Objectives: We aimed to investigate the relationships between passive smoking in childhood (PSc) or in adulthood (PSa), and the risk of incident RA in a large prospective cohort of healthy French women.
Methods: The E3N-EPIC (Etude Epidémiologique auprès des femmes de la Mutuelle générale de l’Education Nationale) is a French prospective cohort study that investigates environmental factors associated with chronic diseases. It follows 98,995 healthy French women since 1990 covered by a national health insurance primarily involving teachers. RA cases have been previously identified with specific questionnaires and medication reimbursement database. Women were considered exposed to PSc if they self-declared staying in a smoky room several hours a day during childhood, and to PSa if they self-declared being exposed at least one hour a day to passive smoking while adults. We used Cox multivariable regression models with age as the timescale (model 1), adjusted on smoking status (never, current, or former smoker) and on the two types of passive smoking (model 2), and on educational level, and BMI (model 3). Stratified analyses were conducted depending on the active smoking status (never or ever-smoker).

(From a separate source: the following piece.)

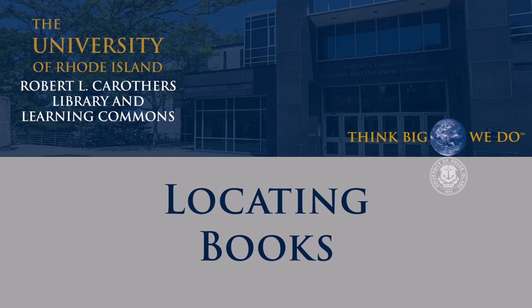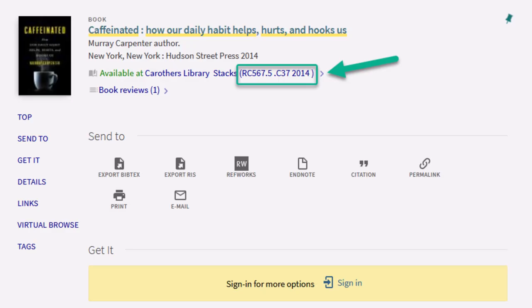Thankfully, the library is very well organized. Our library is organized by the Library of Congress Classification System. For example,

Results: 79,806 women were included in the study. Mean (± SD) age at cohort entry was 49.0 (± 6.4) years. Among them, 698 incident RA cases were identified, diagnosed after a mean of 11.7 (± 5.8) years after baseline. In the whole cohort, 10,810 (13.5%) women were exposed to PSc, 42,807 (53.6%) to PSa, 6,581 (8.25%) were exposed to both, and 47,036 (58.9%) were exposed to either.
In the whole population, PSc was positively associated with the risk of RA in all three models (HR 1.24; 95% CI [1.01 to 1.51] in Model 3). In stratified analyses on smoking status, PSc was associated with RA among never-smoking women (HR 1.42; 95% CI [1.07 to 1.88]), but not among ever-smoking women (HR 1.10; 95% CI [0.83;1.46]).

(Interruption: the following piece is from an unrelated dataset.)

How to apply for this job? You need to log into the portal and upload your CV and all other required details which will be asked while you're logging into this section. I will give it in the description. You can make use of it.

In the whole population, PSa was also positively associated with the risk of RA in all three models (HR 1.19; 95% CI [1.02 to 1.40] in Model 3). In stratified analyses on the smoking status, PSa was associated with an increased RA risk only among never-smoking women (HR 1.27; 95% CI [1.02 to 1.57]) and not among ever-smoking women (HR 1.16; 95% CI [0.93;1.44]).

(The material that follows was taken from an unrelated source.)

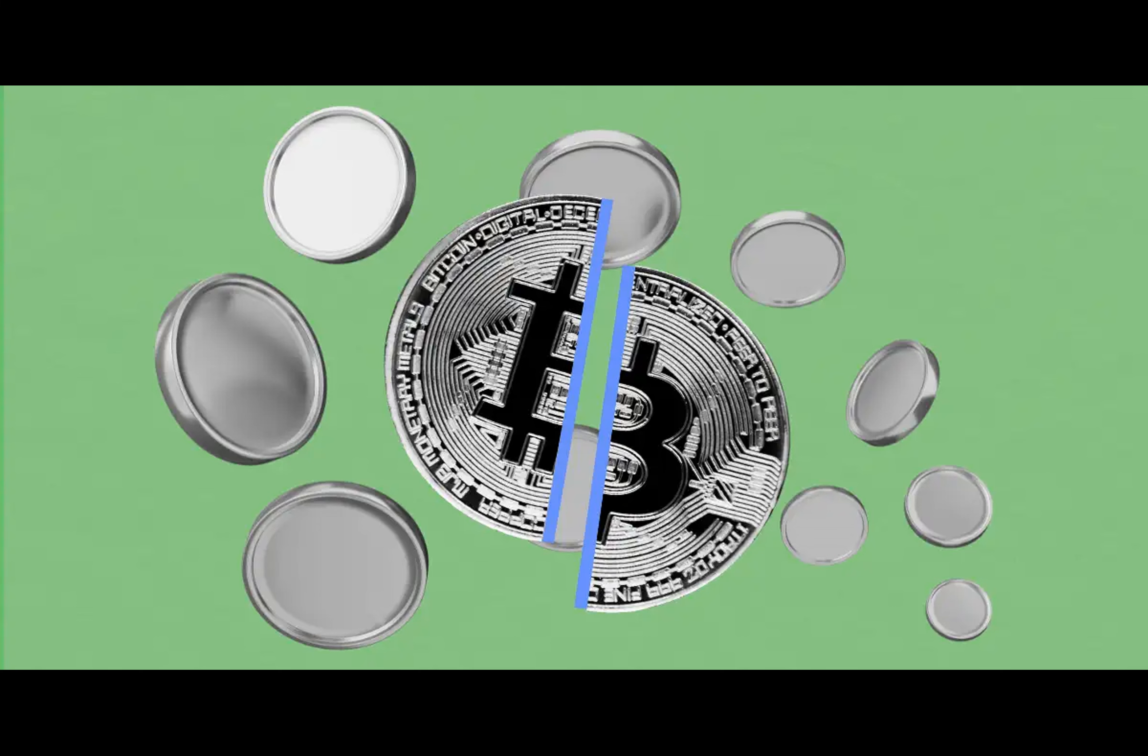Bitcoin might trade sideways for six months as miners could sell $5 billion of BTC. Here is why. Meanwhile, drawing parallels with the 2020 halving, a similar scenario could unfold in the cryptocurrency markets. Bitcoin prices remained range-bound between $9,000 and $11,500 for five months following the 2020 halving. With this year's halving scheduled for April 20th, markets may experience a summer lull, delaying any significant upward trajectory until around October.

Conclusion: In this large population-based prospective cohort study of French women, we reported that passive exposure to smoking during childhood or adulthood increased the risk of RA. The association was principally observed among never smoking women. These results suggest that smoking by-products, whether actively or passively inhaled absorbed, could generate autoimmunity, at least towards antigens involved in RA pathogenesis.